Park Sa-Yoon, Park Musun, Lee Won-Yung, Lee Choong-Yeol, Kim Ji-Hwan, Lee Siwoo, Kim Chang-Eop
Department of Physiology, College of Korean Medicine, Gachon University, Seongnam, Republic of Korea.
Department of Sasang Constitutional Medicine, Gil Hospital of Korean Medicine, Gachon University, Incheon, Republic of Korea.
Integr Med Res. 2021 Sep;10(3):100668. doi: 10.1016/j.imr.2020.100668. Epub 2020 Sep 30.

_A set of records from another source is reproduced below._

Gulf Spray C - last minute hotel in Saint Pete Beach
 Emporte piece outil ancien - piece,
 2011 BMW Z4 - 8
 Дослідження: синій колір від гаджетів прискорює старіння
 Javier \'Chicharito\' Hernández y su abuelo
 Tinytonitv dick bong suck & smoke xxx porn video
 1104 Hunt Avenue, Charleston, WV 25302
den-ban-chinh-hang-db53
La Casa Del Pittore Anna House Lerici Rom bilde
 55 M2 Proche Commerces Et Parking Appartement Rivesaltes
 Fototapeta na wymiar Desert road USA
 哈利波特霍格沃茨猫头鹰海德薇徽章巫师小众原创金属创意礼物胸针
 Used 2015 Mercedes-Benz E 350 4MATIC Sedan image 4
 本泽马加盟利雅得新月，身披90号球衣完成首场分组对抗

Despite the importance of accurate Sasang type diagnosis, a unique form of Korean medicine, there have been concerns about consistency among diagnoses. We investigate a data-driven integrative diagnostic model by applying machine learning to a multicenter clinical dataset with comprehensive features.
Extremely randomized trees (ERT), support vector machines, multinomial logistic regression, and K-nearest neighbor were applied, and performances were evaluated by cross-validation. The feature importance of the classifier was analyzed to understand which information is crucial in diagnosis.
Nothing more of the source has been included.